■ Prompt
Copy down every line of the data that follows exactly. Omit the pictures.

■ Data below
----------

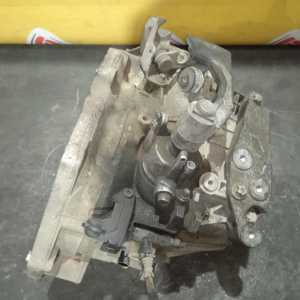 МКПП Opel Zafira B LCH/Z22YH 2.2L 6MT M32 (трос) A04/A05 '2006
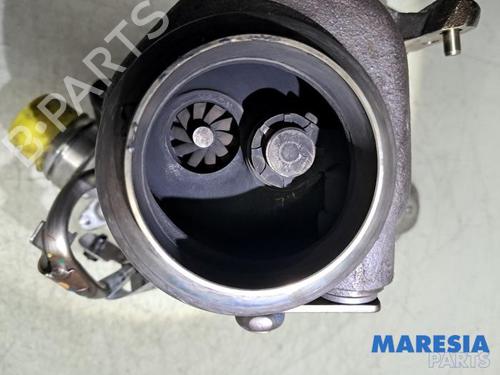 Turbocharger/Supercharger RENAULT CLIO V (B7_) 1.0 TCe 100 (B7MT) | BP32011973M71 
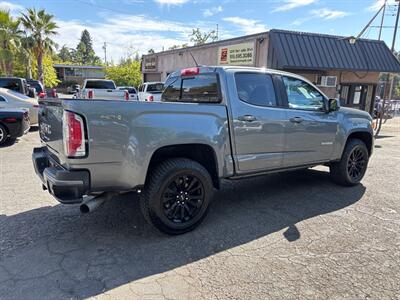 2021 GMC Canyon Crew Cab Elevation*4X4*One Owner*Duramax*   - Photo 8 - Fair Oaks, CA 95628
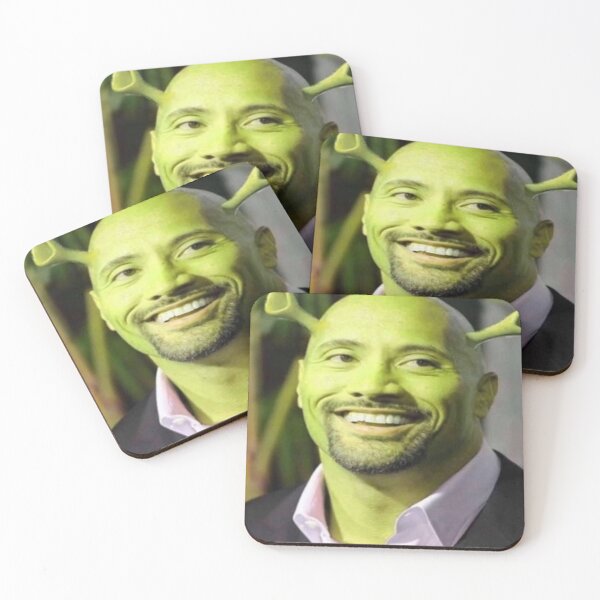 Item preview, The Shrock designed and sold by Caspar Clenson.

----------

■ Task response
 МКПП Opel Zafira B LCH/Z22YH 2.2L 6MT M32 (трос) A04/A05 '2006
 Turbocharger/Supercharger RENAULT CLIO V (B7_) 1.0 TCe 100 (B7MT) | BP32011973M71 
 2021 GMC Canyon Crew Cab Elevation*4X4*One Owner*Duramax*   - Photo 8 - Fair Oaks, CA 95628
 Item preview, The Shrock designed and sold by Caspar Clenson.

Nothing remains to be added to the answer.